High Voltage Programming Circuit
NSDSP-2 supports HVP programming natively.
NSDSP-1 only supports LVP programming. However, some of the PIC devices require HVP Programming. Also, sometimes LVP has to be disabled to make use of MCLR pin. In such situations, NSDSP-1 may use an external circuit to enable HVP programming.
The easiest method is to use NSHVX HVP extension which converts any NSDSP-1 into an HVP programmer. However, it is also possible to use a simple external circuit. In the majority of the situations, such circuit will work as well as NSHVX.
The circuit must supply Vpp voltage to the target's PIC MCLR when NSDSP-1 drives its MCLR pin low. An example of such circuit is shown below.

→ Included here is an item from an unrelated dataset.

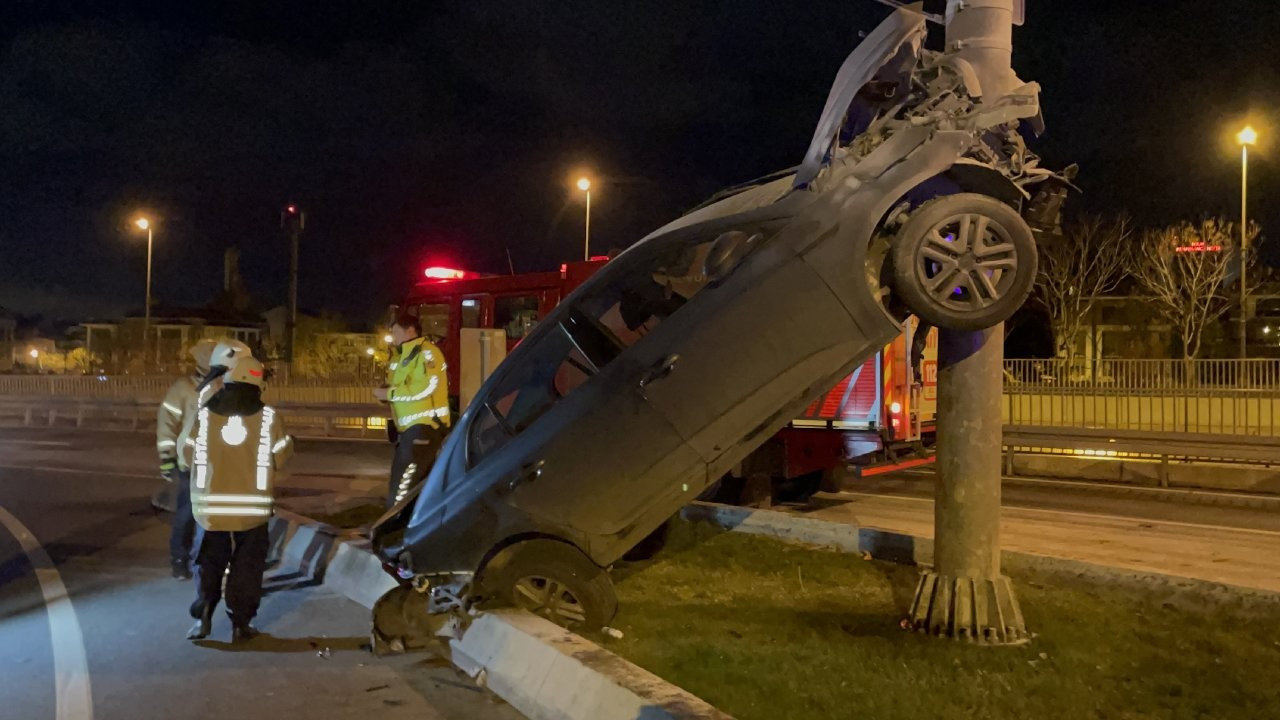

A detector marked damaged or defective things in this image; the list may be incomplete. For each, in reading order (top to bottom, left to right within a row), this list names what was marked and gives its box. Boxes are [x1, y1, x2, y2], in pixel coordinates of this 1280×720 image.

crashed car [368, 7, 1070, 632]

When NSDSP drives MCLR high, the Q1 transistor turns on and pulls the anode of D1 low. In this state, the voltage on PIC's MCLR pin depends on "GP input" voltage - when "GP input" is high, D2 pulls MCLR pin high; when "GP input" is low, the pull-down resitor R3 pulls MCLR pin low.

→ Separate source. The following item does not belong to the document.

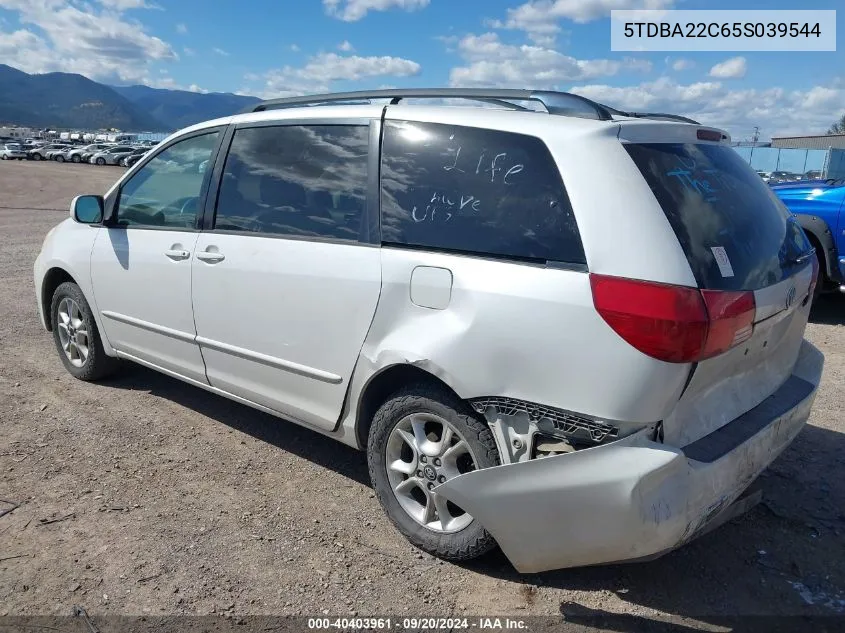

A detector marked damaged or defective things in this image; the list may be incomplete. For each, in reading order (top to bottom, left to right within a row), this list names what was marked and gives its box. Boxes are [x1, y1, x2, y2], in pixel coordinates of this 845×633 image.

When NSDSP drives MCLR low, the Q1 transistor turns off, and resistor R2, through D1, pulls PIC's MCLR to Vpp level. Diode D2 protects "GP input" from high Vpp voltage.
This circuit is designed to program PIC devices when MCLR and LVP are disabled. However, if MCLR or LVP is enabled, the "GP input" must be tied to VDD. Otherwise, the PIC will reset.

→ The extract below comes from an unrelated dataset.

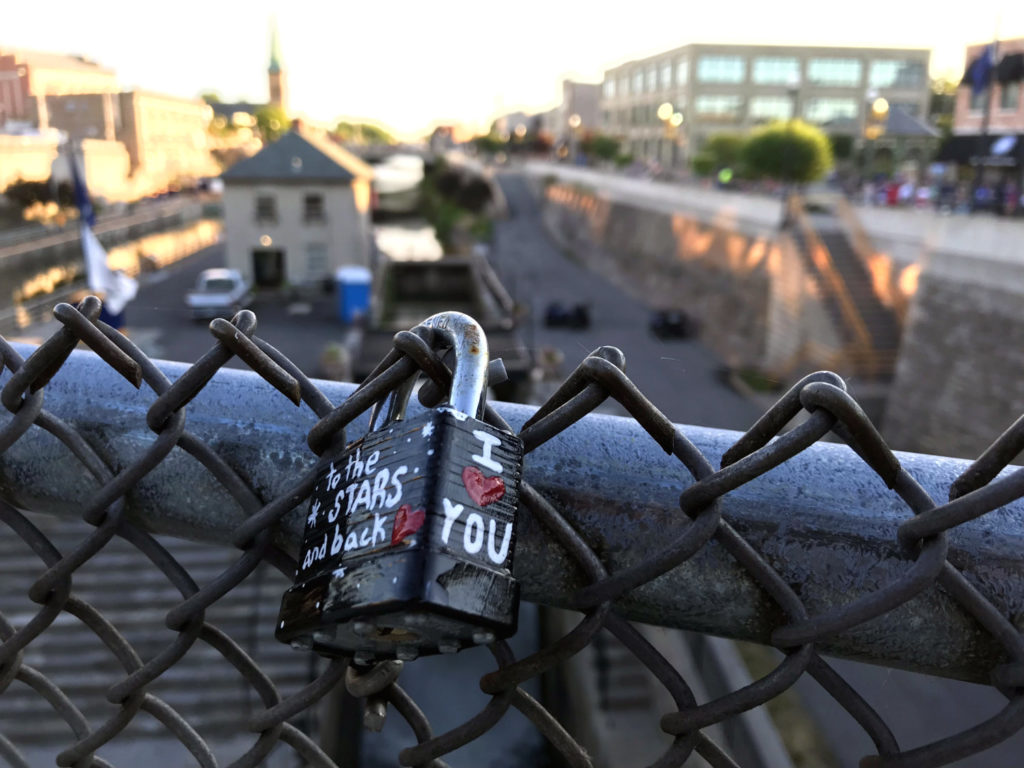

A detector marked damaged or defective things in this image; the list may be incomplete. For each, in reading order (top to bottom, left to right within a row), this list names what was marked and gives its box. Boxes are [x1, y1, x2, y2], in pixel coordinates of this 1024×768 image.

rusty fence wire [2, 296, 1024, 768]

Vpp level must be supplied externally and selected according to Microchip Flash Programming Specifications for your PIC device, Since there is some voltage drop through R2 and D1, it is better to select Vpp close to high end of the allowable Vpp range.
This circuit is not energy efficient. When Q1 is turned on, up to 0.2W may be dissipated by R2. If higer efficiency is required, the circuit needs to be redesigned.
When using this circuit, you must configure your programming software to use HVP.